GOP's magical impeachment epiphany: "Wasting everyone's time" is bad!

Republican leaders say impeachment isn't worth it since it would die in the Senate. Here's their new civics lesson

Published July 10, 2014 2:48PM (EDT)

John Boehner, Paul Ryan                                       (AP/J. Scott Applewhite)
John Boehner, Paul Ryan (AP/J. Scott Applewhite)

Thanks to the heroic stance taken earlier this week by Sarah Palin, impeachment chatter is in the air, and every Republican's got to answer for it. Surely Palin's fellow conservatives in the House of Representatives are grateful to her for giving them the opportunity to dodge reporters' questions on this most summery of questions.

So is it gonna happen, or is it gonna happen? It's not gonna happen, is the thing. John Boehner has ruled it out (so far). And that's a true shame. Can the republic endure even another hour of rule from the Imperial President who uses the Constitution as toilet paper? If the Obama administration can't take a breath of oxygen without violating some crucial clause, it doesn't make much sense for the Republican House of Representatives to sit on their fannies and allow this tyranny to endure.

It's not just orange Ohio RINOs like Boehner that are tut-tutting calls for impeachment. The Hill reports that even "staunch House conservatives are quashing calls for President Obama’s impeachment," arguing that "an impeachment trial would be a doomed effort in a Democratic Senate that could hurt Republicans in the midterm elections."

“Harry Reid’s going to block anything we do in that regard,” said Rep. Paul Broun (R-Ga.), a dyed-in-the-wool conservative who in February said he would vote to impeach Obama.

“We’d like to do more, the problem is the avenues are just not available,” said Rep. John Fleming (R-La.). “Even if impeachment was to pass in the House, it wouldn’t remove the president from office.

“It’s one of those things that if you can’t see an end solution, why even get into that debate?” Fleming said. [...]

“If somebody were to file impeachment proceedings — well, the fact is we know that’s going nowhere in the Senate,” [Rep.
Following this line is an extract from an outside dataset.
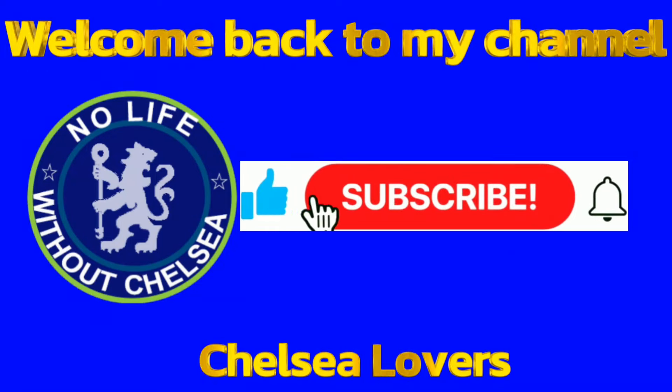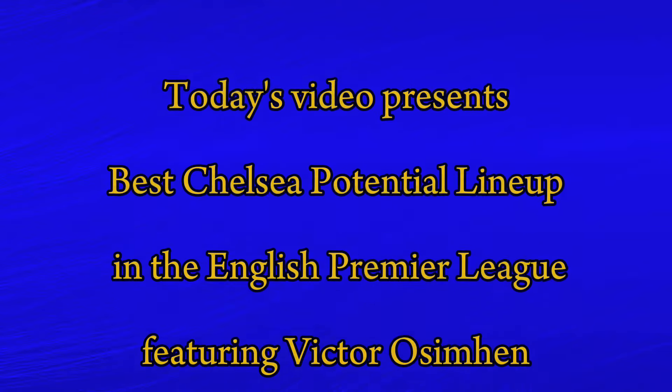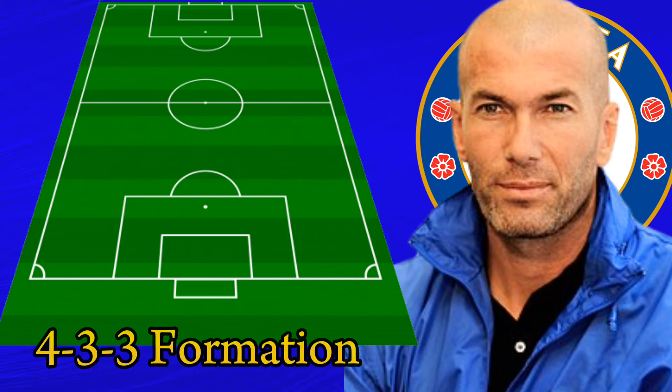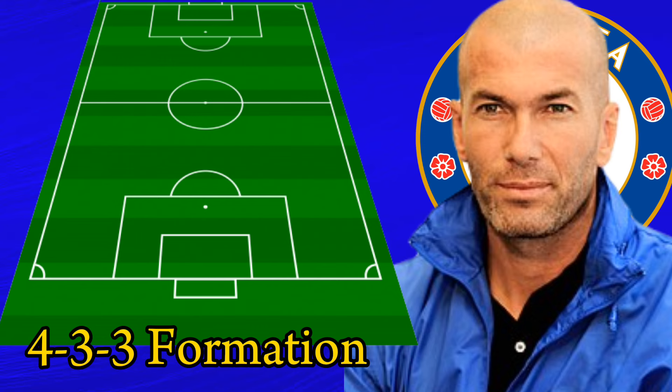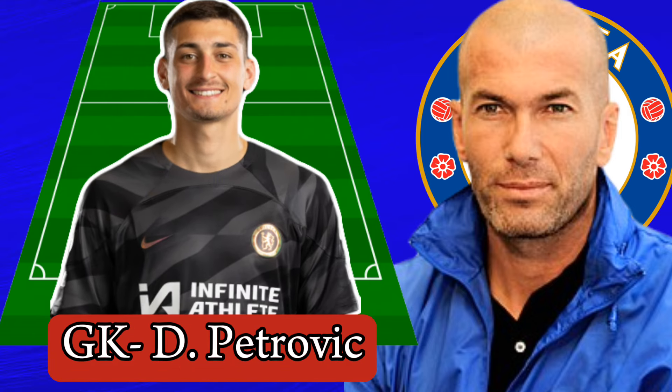Hi guys, welcome back once again to my channel. Like, subscribe and share this video. Today's video presents the best Chelsea potential lineup in the English Premier League, featuring Victor Osimhen next season under Zinedine Zidane. Zidane could employ the 4-3-3 formation when he becomes Chelsea head coach.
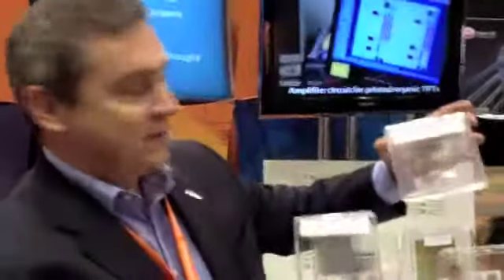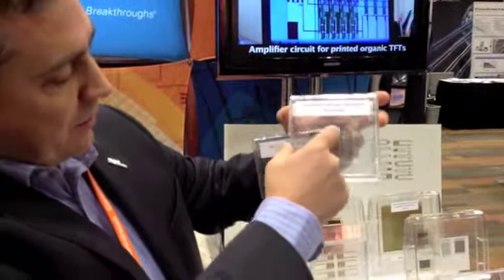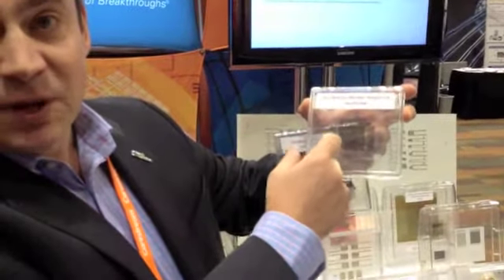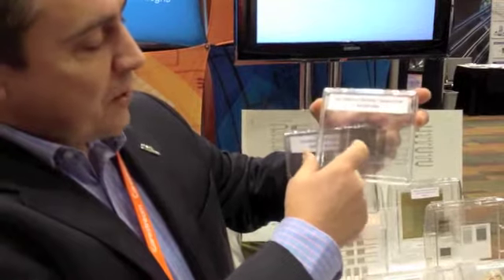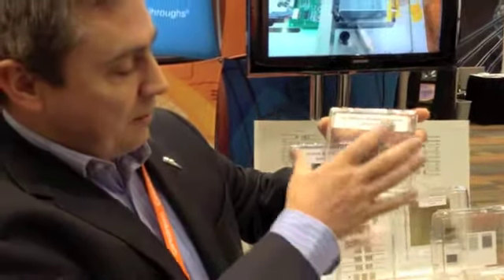This is an example of a printed backplane. This is inkjet printed. Every single pixel you see there in the middle of this array is one transistor printed by inkjet. This is able to drive displays. And this is one way people imagine displays being made on flexible substrates, transparent substrates, large areas — we can make them bigger, transparent, flexible by using other types of printing technologies.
Charles Boustany] said. “And it’s going to be a major, major distraction from actually getting results, which means rolling back some of his power relative to Congress.”

All of this is correct. Impeachment in the House wouldn't lead to a conviction in the Senate. It would be a "major, major distraction" that would backfire on Republicans when they least need another self-imposed catastrophe.

It's fascinating, though, to see the House Republican majority that came into power in 2011 use "it wouldn't go anywhere in the Senate" or "Harry Reid would just block it" or, more broadly, "there's no point, it's a waste of time," as a justification for not taking an insane course of action.

In the summer of 2011, there was no chance that a debt ceiling agreement that included a "cut, cap and balance" amendment to the Constitution and all sorts of other partisan goodies would go through the Senate or be signed by the president. And yet, until the very last minute, with an arbitrary global market collapse looming over their heads, House members refused to eliminate these items from their debt ceiling demands. "This wouldn't go anywhere in the Senate" was a sellout's excuse for not trying, even if "trying" meant putting the country through months of unnecessary stress, fear and embarrassment.

Similarly, last fall, there was little chance that the Senate would pass a government spending measure defunding the Affordable Care Act, or that President Obama would sign a government spending measure defunding the Affordable Care Act. The House tried anyway, oh did it try! This led to a government shutdown in October, and nearly another debt default scenario.

This doesn't count the hundreds of other bills (40+ just to repeal the ACA) that the House has spent time passing knowing that they would have no chance in the Senate. If anything has defined the House of Representatives in the Tea Party era, it has been passing bills that have no chance of passing or being called up in the Senate. "Harry Reid’s going to block anything we do in that regard" has rarely come into the House GOP's calculus for choosing to spend time on one thing or another.

So why are they all of a sudden deferring to this excuse when the topic is impeachment? Because they know they've got nothing. If there really was a president who'd committed glaringly impeachable offenses, getting a Senate trial and conviction wouldn't be a problem. It was this sort of clear impeachment threat that finally forced Richard Nixon's hand into resignation. The rhetoric about the Obama administration's illegal actions -- at least in terms of what they're complaining about, instead of, say, NSA spying programs -- doesn't match up with the reality. So, no, prosecution of a bluff would not go anywhere in the Senate.


By Jim Newell

Jim Newell covers politics and media for Salon.